How I’ve Started to Pray
And if god is in everything—in the bend of the river
and the apricot tree, the song of the blackbird
and the awkward smile of the little ballerina
in purple who wandered out tonight onto the stage
to join a dance recital already in progress—
a dance class that wasn’t even hers— yes, if god
is in everything, and I believe god is—
in the dishrag, in the man who throws
bottles at the people marching for peace,
even in this angriest red sliver of me,
if god is in everything then maybe that is why
I have started to want to pray to everything—
or maybe more truly, to pray with everything—
the wave, the blossom, the awkward smile,
the dirty cotton, the broken glass, the rising ache,
the wonder that opens in me when I trust
there was never even a half of a moment when we all
did not deeply, fully, wholly belong to each other.
—Rosemerry Wahtola Trommer
It occurs to me now that, were it not for the Internet (and the ability and willingness of Rosemerry to share her daily poems so widely) I wouldn’t even know this synchronicity was happening. But it still would be happening!
In these days of what Paul Simon called “miracle and wonder,” we can suddenly see more clearly how deeply inter-related we all truly are, when before we might have only intuited it…and perhaps often doubted it. Could it be that we’re beginning to see “face to face” rather than “through a glass darkly?” (1 Corinthians 13:12)

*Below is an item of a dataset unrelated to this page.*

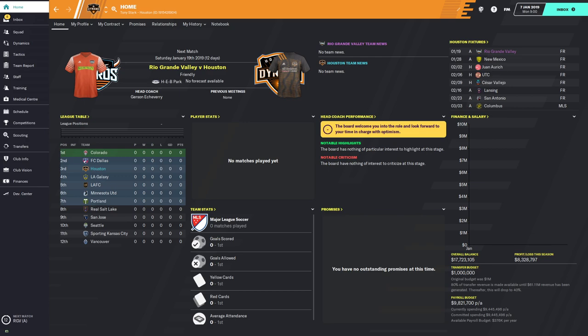I am Uncle Sam FM and I am doing a little extra video to my Playing MLS in Football Manager 2020 series. What I thought I would do with this episode is look at some of the extra screens that you have when you play in Major League Soccer.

This emerging awareness may serve to teach us that, indeed, our small creative acts are not “only” ours at all and do not spring from us alone.
Clearly, they arise from a Ground of Creative Being that is far more meaning-full and significant than any one personal expression by any one individual…and yet at the same time, every personal expression of love contributes to the well-being of All.
The song includes references to Julian of Norwich (1343-1416, “All shall be well, and all shall be well, and all manner of things shall be well” ), Leonard Cohen’s Anthem (“Ring the bells that still can ring”), Thich Nhat Hanh’s Peace is Every Step, and contemplative/mindfulness practices in general.
Thanks for being here, especially as this post comes later than usual. (There’s another one right around the corner, though, as a new song arrived yesterday that I’m very excited about!)
Praying All the Time
This body's getting old,
that muscle's acting strange
and I'm trying to let go
of all I cannot change
She said "all will be well"
He sang "the bells still chime"
Well, lately I can't tell
so I'm praying all the time.
There's nothing more to do
I'm running out of words
I fall into the blue
I listen for the birds
Who rise up as they do
with their song sublime
Today I'll make it through
by praying all the time
I try to still my mind,
to draw a deeper breath
I take myself outside,
seek peace in every step
I'm not sure that it shows
I'm still not feeling fine
But something in me knows
I'm praying all the time
I'm holding in my heart
the suffering I see
And as new fires start
I'm praying with the trees
I use no special words
I make no sacred sign
yet I am not unheard
I'm praying all the time
I know that some will claim
this isn't really prayer
They'll ask me for a name
or tell me nothing's there
Yet still this stormy sky
is somehow silver-lined
as everything alive
is praying all the time.
[1] Jean Shinoda Bolen, Goddesses in Older Women: Archetypes in Women Over Fifty (HarperCollins, 2001), 44.
Thank you, thank you Lynn! I so so needed this today!